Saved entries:
"""

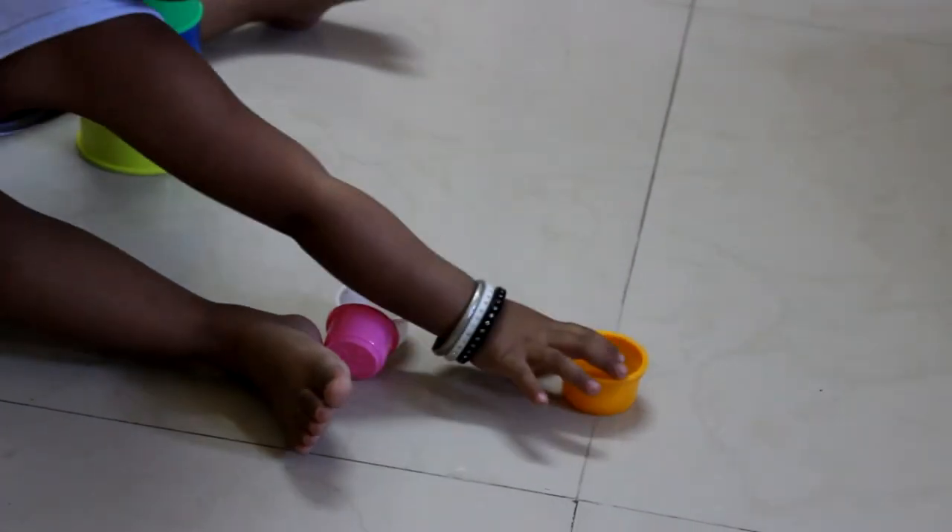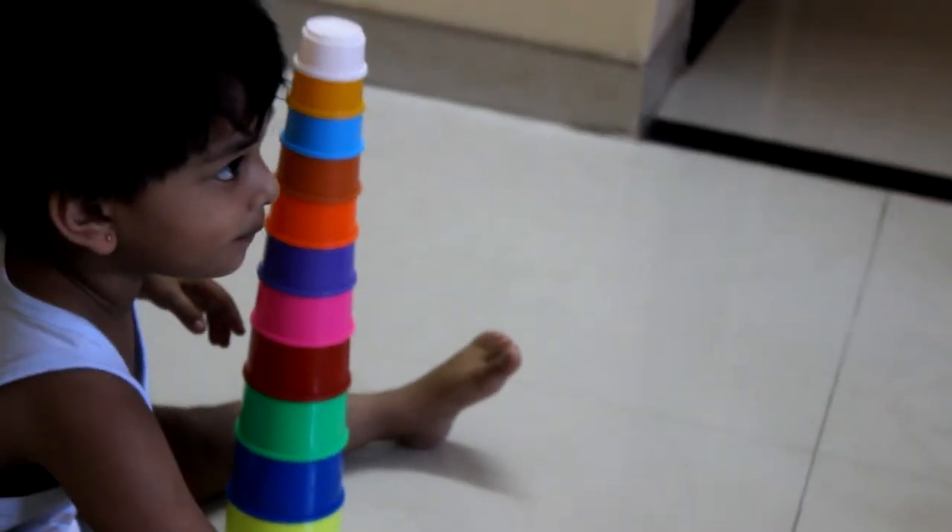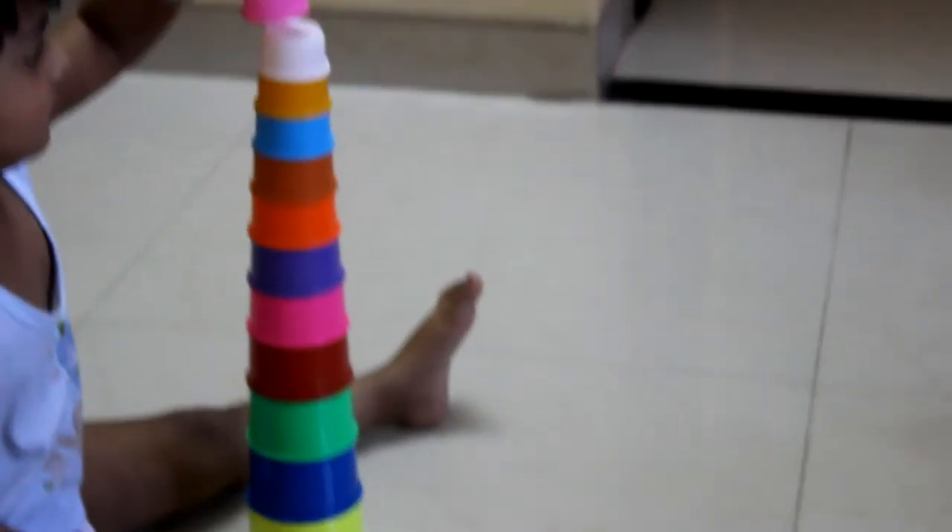Now first yellow. Yellow. Yellow. Then white. White. White. And last pink. Pink. Pink. Very nice.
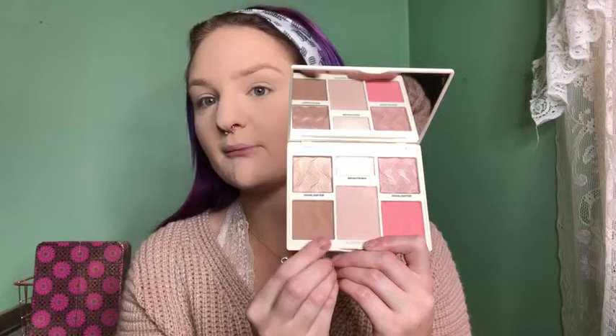For my face, I'm going to go in with the Cover FX Perfector Face Palette that I got in my BoxyCharm — I've been super excited to try it. I'm going to start with the bronzer contour shade and see if I can bronze my whole face with it. That shade ended up being a little too cool, so I'm going to go in with my Milani bronzer and bronze the rest of my face.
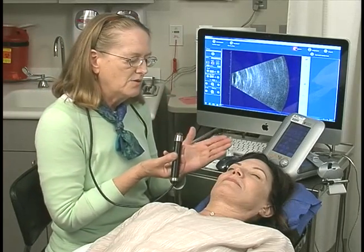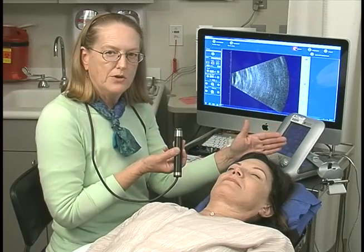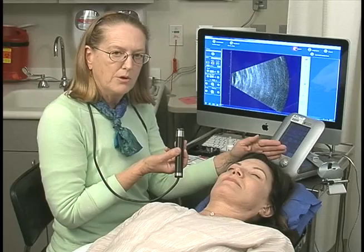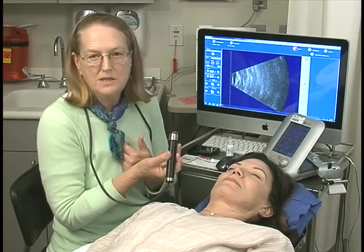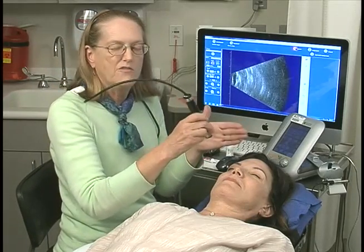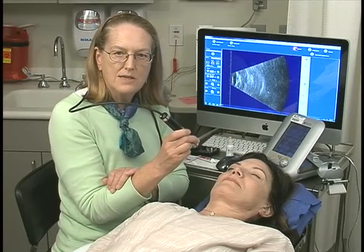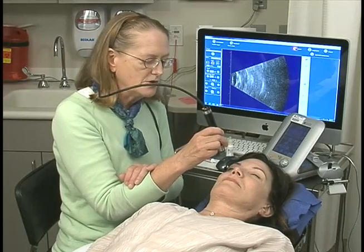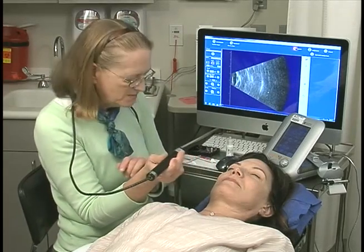We'll start our four-quadrant exam with the patient looking superiorly. The farther away the patient looks from where I place my probe, the more anterior periphery I can get with the sound. I start every single one of my transverse scans, either horizontal or vertical, by first localizing the optic nerve. Once we've imaged the posterior portion and the optic nerve, I will then sweep the probe so that the superior aspect will be seen.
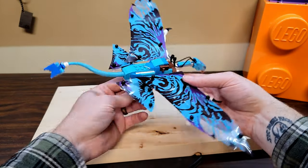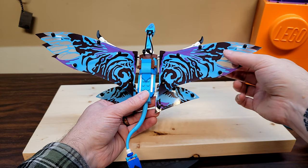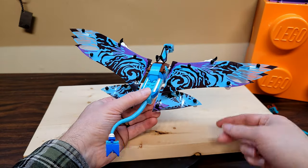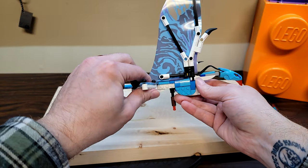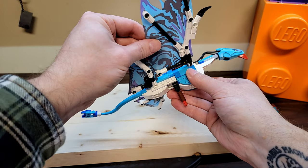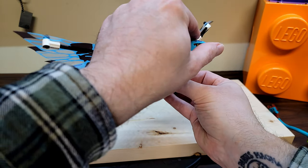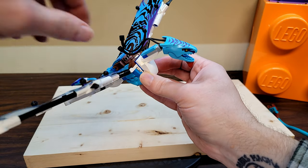The first thing that jumps out on the Banshees is the wings - they're made of some sort of flexible polymer material. You punch them out of a sheet and then they post over pegs built into the wing frames. That is an awesome, super cool way to do the wings. They've both got tails and two separate wing pieces that can fold up and down. The faces have brand new molds - they're two parts that snap together, and you can open the mouths on them.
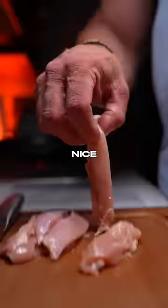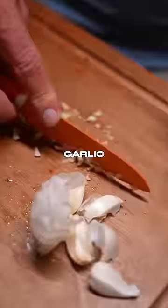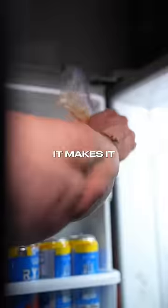I'm using thighs. Cut it up nice and thin, add your seasonings, and add to a bag. Now grab some garlic and lemon juice and let it marinate for a few hours. This is optional, but it makes it better.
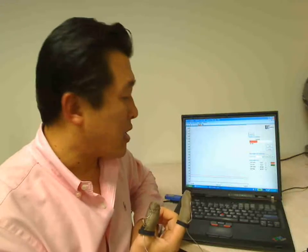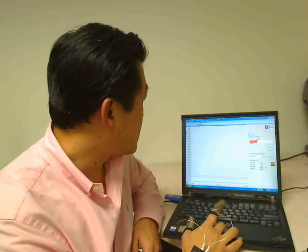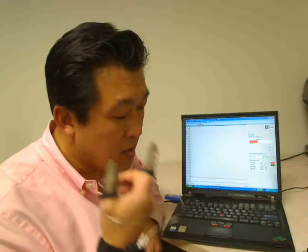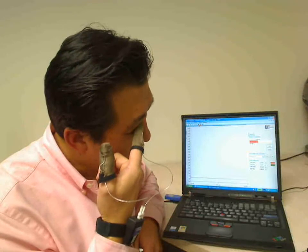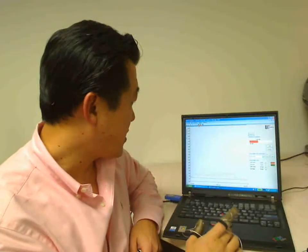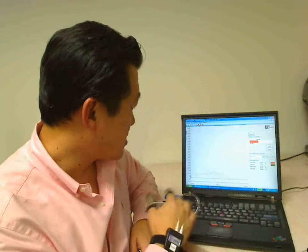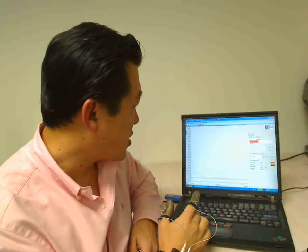Now for very light forces, we can try gently rubbing my eyelids — can't press too hard here. I've been doing this quite a bit because of allergies, and you can see that the force level is around 100 to maybe 150 grams. So here's a very quick, simple demonstration of how the finger TPS can be used. Thanks.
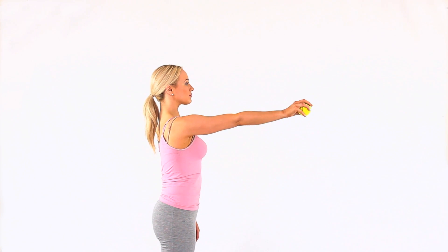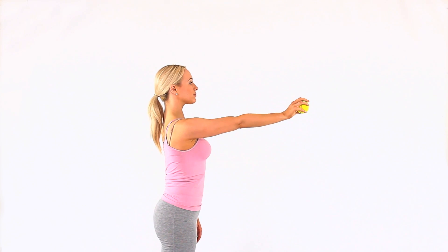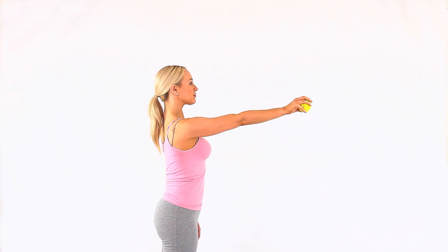Stand up and hold a tennis ball or other small ball. Bend your elbow and wrist so that the ball is next to your ear. Imagine you will throw the ball by straightening your elbow and your wrist. Remember to fully bend and straighten your arm.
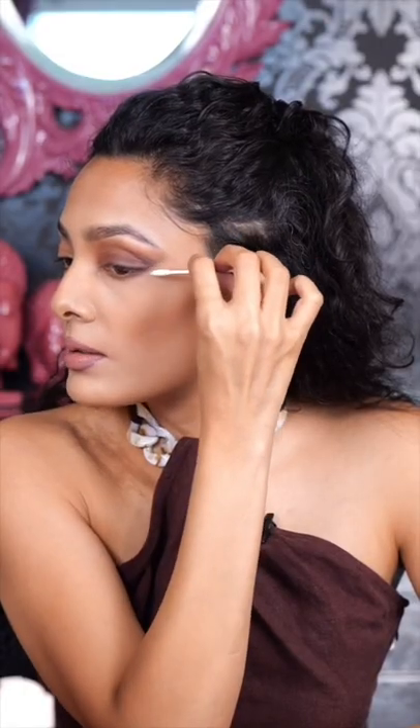Clean this line with a cotton swab. You can see that this is a lifted eye and this is a regular eyeshadow with the same colours. So which eye look do you prefer — the lifted one or the regular one? Let me know in the comments.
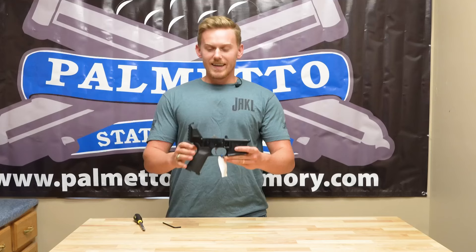Now you have a mil-spec lower with the Jackal buffer assembly back plate put on the back of it. Please tune into the next video, where we'll show you how to put the Jackal specific bolt catch into your standard AR-15 lower.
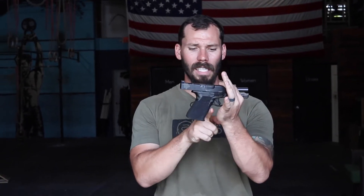The grip stippling really, really helps. And I didn't realize how much of a help that undercut would be — my grip gets so much higher on the back strap of the gun because of that undercut right there.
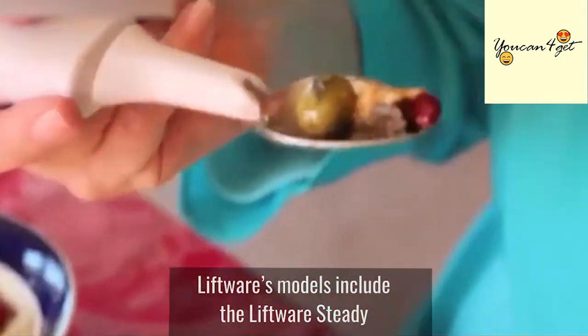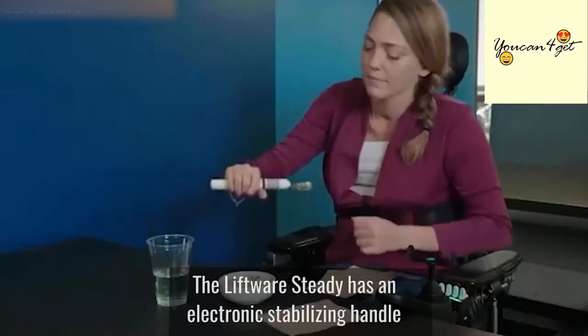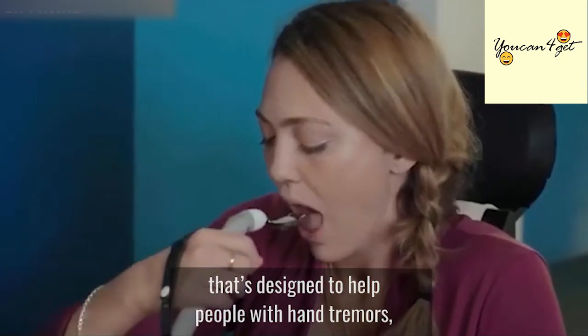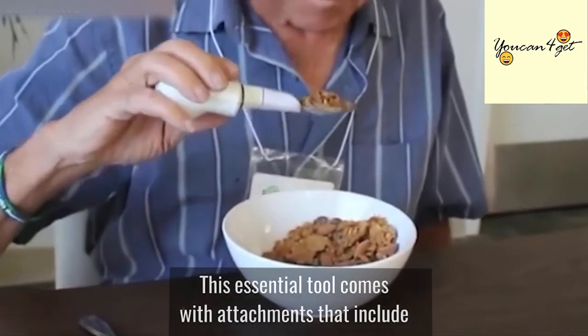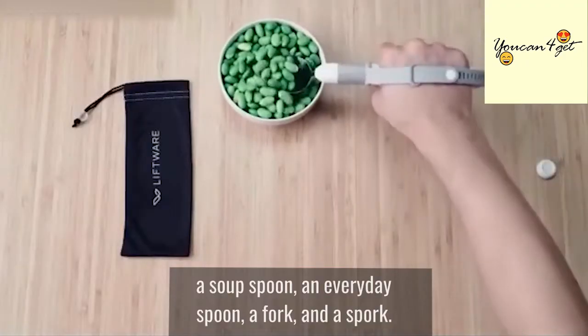Liftware's models include the Liftware Steady and the Liftware Level. The Liftware Steady has an electronic stabilizing handle that's designed to help people with hand tremors which may be related to Parkinson's disease. This essential tool comes with attachments that include a soup spoon, an everyday spoon, a fork and a spork.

"""

YOUR ASSIGNMENT: A faithful copy of every record is required, with no pictures included.

THE ANSWER:
Now first yellow. Yellow. Yellow. Then white. White. White. And last pink. Pink. Pink. Very nice.
For my face, I'm going to go in with the Cover FX Perfector Face Palette that I got in my BoxyCharm — I've been super excited to try it. I'm going to start with the bronzer contour shade and see if I can bronze my whole face with it. That shade ended up being a little too cool, so I'm going to go in with my Milani bronzer and bronze the rest of my face.
We'll start our four-quadrant exam with the patient looking superiorly. The farther away the patient looks from where I place my probe, the more anterior periphery I can get with the sound. I start every single one of my transverse scans, either horizontal or vertical, by first localizing the optic nerve. Once we've imaged the posterior portion and the optic nerve, I will then sweep the probe so that the superior aspect will be seen.
The first thing that jumps out on the Banshees is the wings - they're made of some sort of flexible polymer material. You punch them out of a sheet and then they post over pegs built into the wing frames. That is an awesome, super cool way to do the wings. They've both got tails and two separate wing pieces that can fold up and down. The faces have brand new molds - they're two parts that snap together, and you can open the mouths on them.
I'm using thighs. Cut it up nice and thin, add your seasonings, and add to a bag. Now grab some garlic and lemon juice and let it marinate for a few hours. This is optional, but it makes it better.
Now for very light forces, we can try gently rubbing my eyelids — can't press too hard here. I've been doing this quite a bit because of allergies, and you can see that the force level is around 100 to maybe 150 grams. So here's a very quick, simple demonstration of how the finger TPS can be used. Thanks.
Stand up and hold a tennis ball or other small ball. Bend your elbow and wrist so that the ball is next to your ear. Imagine you will throw the ball by straightening your elbow and your wrist. Remember to fully bend and straighten your arm.
Clean this line with a cotton swab. You can see that this is a lifted eye and this is a regular eyeshadow with the same colours. So which eye look do you prefer — the lifted one or the regular one? Let me know in the comments.
Now you have a mil-spec lower with the Jackal buffer assembly back plate put on the back of it. Please tune into the next video, where we'll show you how to put the Jackal specific bolt catch into your standard AR-15 lower.
The grip stippling really, really helps. And I didn't realize how much of a help that undercut would be — my grip gets so much higher on the back strap of the gun because of that undercut right there.
Liftware's models include the Liftware Steady and the Liftware Level. The Liftware Steady has an electronic stabilizing handle that's designed to help people with hand tremors which may be related to Parkinson's disease. This essential tool comes with attachments that include a soup spoon, an everyday spoon, a fork and a spork.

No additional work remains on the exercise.